*The input:*
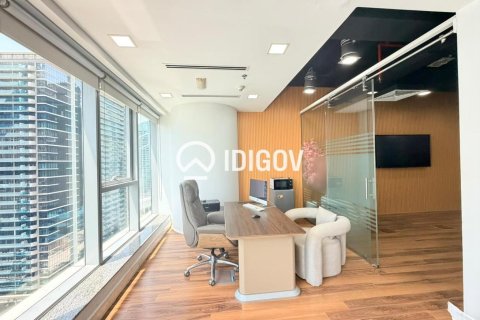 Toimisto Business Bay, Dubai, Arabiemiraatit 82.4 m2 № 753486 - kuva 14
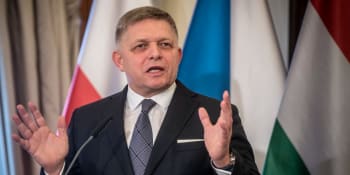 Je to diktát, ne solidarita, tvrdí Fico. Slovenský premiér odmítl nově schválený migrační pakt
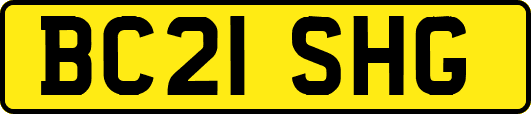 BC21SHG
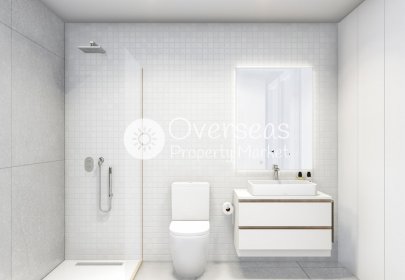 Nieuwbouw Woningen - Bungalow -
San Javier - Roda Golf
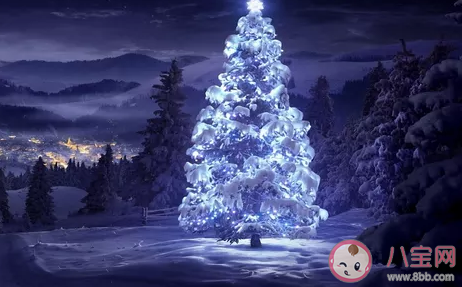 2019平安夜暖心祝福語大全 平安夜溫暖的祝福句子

*Task goal:*
Print verbatim every line above, apart from the pictures.

*Reply to the task:*
 Toimisto Business Bay, Dubai, Arabiemiraatit 82.4 m2 № 753486 - kuva 14
 Je to diktát, ne solidarita, tvrdí Fico. Slovenský premiér odmítl nově schválený migrační pakt
 BC21SHG
 Nieuwbouw Woningen - Bungalow -
San Javier - Roda Golf
 2019平安夜暖心祝福語大全 平安夜溫暖的祝福句子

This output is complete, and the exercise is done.